The Wealth Code to Earn Tens of Millions Annually: Do These Few Things to Start Your Path of Wealth Growth
First of all, when trading cryptocurrencies, we must never do three things.
The first thing is to never buy in when prices are rising; be greedy when others are fearful and fearful when others are greedy. Make it a habit to buy when prices are falling.
The second is to never place large orders.
The third is to never be fully invested. When fully invested, you are very passive, and the market is never short of opportunities; the opportunity cost of being fully invested can be very high.
Now let's talk about the six rules for short-term stock trading.

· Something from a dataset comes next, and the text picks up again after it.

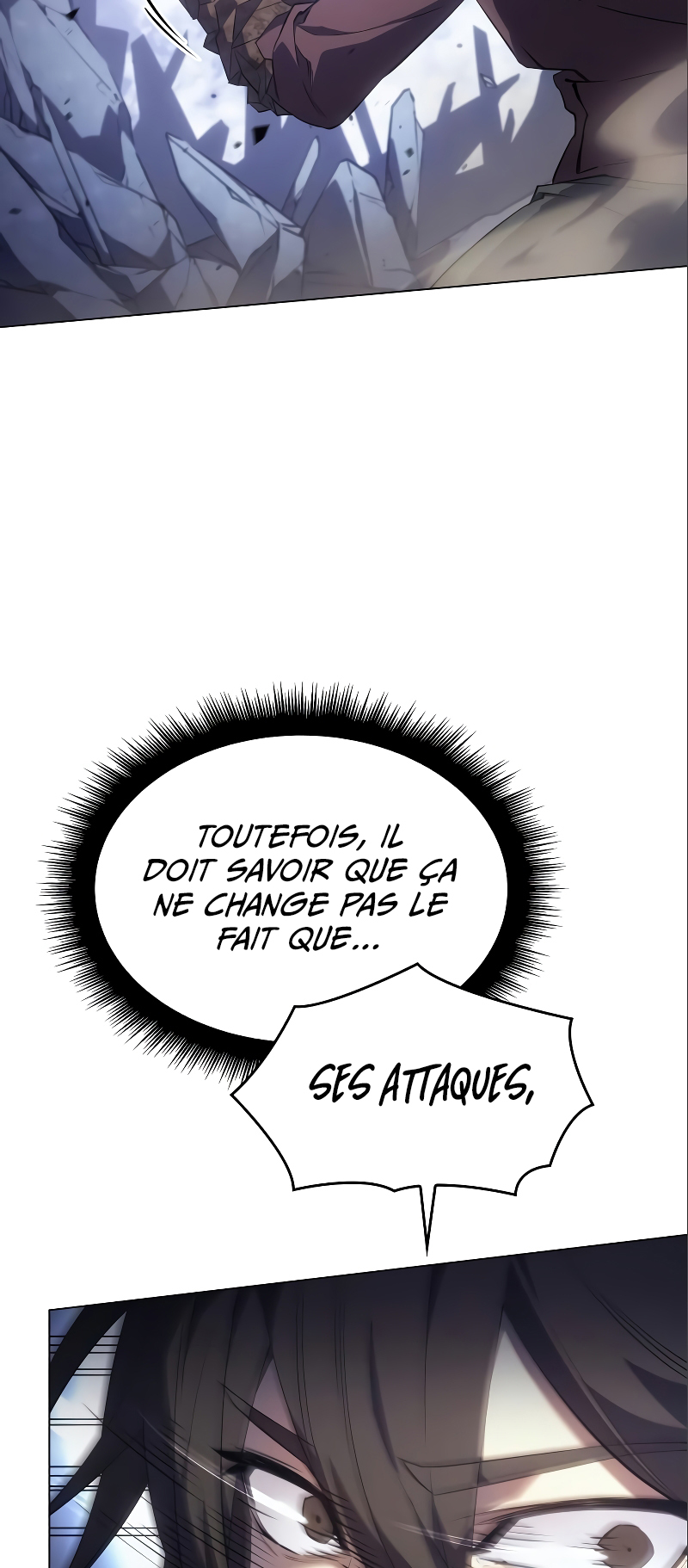 Wang ui Him euro Hoegwihanda Ch. 6 第33页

The first is that after a cryptocurrency price consolidates at a high level, it usually will reach a new high. Conversely, after consolidating at a low level, it will typically reach a new low. Therefore, we should wait until the direction of market change becomes clear before taking action.
The second is to avoid trading during sideways movements. Most people lose money trading cryptocurrencies because they cannot follow this simplest rule.
The third is when selecting candlesticks, buy when there are bearish candlesticks and sell when there are bullish candlesticks.
The fourth is that downturns slow down while rebounds are also slow; downturns accelerate as rebounds happen.
The fifth is to build positions using the pyramid buying method; this is the only unchanging principle of value investing.
The sixth is that when a cryptocurrency continues to rise or fall, it will inevitably enter a sideways state. At this time, we do not need to sell everything at high prices or buy everything at low prices. After consolidation, there will inevitably be a change in direction. If the price changes downward from a high point, we should liquidate our positions promptly; in short, we need to act decisively.